L’« esthétique » en bois brut et les couleurs claires qui rappellent, selon JCDecaux, « des pergolas », invitent « les passants à profiter de cet abri convivial et accueillant ». Avec un peu d’imagination, on se croirait presque sur la piazza ombragée d’un village italien au charme reculé. Sauf que… pendant que nous prenions nos aises sur le banc, aucun passant n’a trouvé l’objet assez « convivial et accueillant » pour s’y reposer. La communication de JCDecaux et la mairie ne semblent pas avoir réussi à faire connaître l’innovation. On a interpelé les passants (comme dans un village italien, on alpague nos voisins avec bonhommie) : personne ne savait à quoi servait l’objet.
À dire vrai, seule une dame de 50 ans s’est réjouie de ce qu’« un peu d’ombre ne ferait pas de mal » lorsque l’on passe par le centre-ville chargé des courses ou de valises en plein cagnard. Forcément, l’endroit ne compte que huit bébés arbres.
Sur Facebook, les habitant·es de Montigny-le-Bretonneux se sont interrogé·es sur l’utilité d’une telle invention, et de son prix pour le contribuable… Tant et si bien que la communauté d’agglomérations de Saint-Quentin-en-Yvelines a fini par supprimer sa publication. À lire les internautes, ils et elles auraient, semble-t-il, préféré la fraîcheur naturelle d’un arbre… Tandis que les plus virulent·es ont crié au greenwashing, à l’instar de @Bonpoteofficiel, le créateur du hastag #balancetongreenwashing.

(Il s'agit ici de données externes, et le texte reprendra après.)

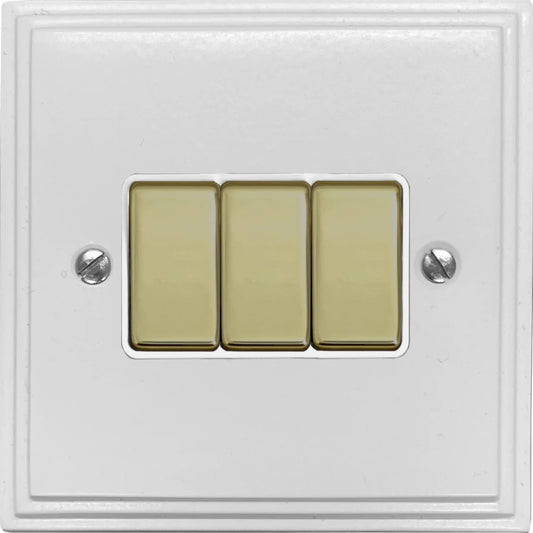 Victorian Flat White 3 Gang Switch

Comme nous, vous n’êtes pas convaincu·es par l’Abribus, et vous vous demandez comment faire face aux canicules sans ventilo ni brumisateur, qui consomment leur part d’électricité ? Au Centre national de la recherche scientifique (CNRS), on s’est aussi posé la question. Parmi les solutions préconisées par les chercheurs vient en tête « la végétalisation des villes ». Mais avouez qu’un banal arbre, ça fait tout de suite moins high-tech.